As the code mentions, this is based on an article "Flood Fill algorithm (using C#.NET)" and its output is a list of objects, where each object is a list of points within that object. So the way to determine which object is largest is to take the one that contains the most points!

A binary mask of a frame in the video with all but the single largest areas hidden

var pointsInLargestHighlightedArea = GetDistinctObjects(mask)
    .OrderByDescending(points => points.Count())
    .FirstOrDefault();

(Note: If pointsInLargestHighlightedArea is null then we need to escape out of the method that we're in because the source image didn't produce a mask with any highlighted objects - this could happen if the image has every single with the same colour, for example; an edge case, surely, but one that we should handle)

From this largest object, we want to find a bounding quadrilateral, which we do by looking at every point and finding the one closest to the top left of the image (because this will be the top left of the bounding area), the point closest to the top right of the image (for the top right of the bounding area) and the same for the points closest to the bottom left and bottom right.

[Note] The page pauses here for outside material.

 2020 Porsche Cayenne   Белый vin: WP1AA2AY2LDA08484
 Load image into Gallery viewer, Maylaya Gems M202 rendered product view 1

This can be achieved by calculating, for each point in the object, the distances from each of the corners to the points and then determining which points have the shortest distances - eg.

var distancesOfPointsFromImageCorners = pointsInLargeHighlightedArea
    .Select(p =>
    {
        // To work out distance from the top left, you would use Pythagoras to take the
        // squared horizontal distance of the point from the left of the image and add
        // that to the squared vertical distance of the point from the top of the image,
        // then you would square root that sum. In this case, we only want to be able to
        // compare determine which distances are smaller or larger and we don't actually
        // care about the precise distances themselves and so we can save ourselves from
        // performing that final square root calculation.
        var distanceFromRight = greyScaleImageData.Width - p.X;
        var distanceFromBottom = greyScaleImageData.Height - p.Y;
        var fromLeftScore = p.X * p.X;
        var fromTopScore = p.Y * p.Y;
        var fromRightScore = distanceFromRight * distanceFromRight;
        var fromBottomScore = distanceFromBottom * distanceFromBottom;
        return new
        {
            Point = p,
            FromTopLeft = fromLeftScore + fromTopScore,
            FromTopRight = fromRightScore + fromTopScore,
            FromBottomLeft = fromLeftScore + fromBottomScore,
            FromBottomRight = fromRightScore + fromBottomScore
        };
    })
    .ToArray(); // Call ToArray to avoid repeating this enumeration four times below
    
var topLeft = distancesOfPointsFromImageCorners.OrderBy(p => p.FromTopLeft).First().Point;
var topRight = distancesOfPointsFromImageCorners.OrderBy(p => p.FromTopRight).First().Point;
var bottomLeft = distancesOfPointsFromImageCorners.OrderBy(p => p.FromBottomLeft).First().Point;
var bottomRight = distancesOfPointsFromImageCorners.OrderBy(p => p.FromBottomRight).First().Point;

Finally, because we want to find the bounding area of the largest object in the original image, we may need to multiply up the bounds that we just found because we shrank the image down if either dimension was larger than 400px and we were performing calculations on that smaller version.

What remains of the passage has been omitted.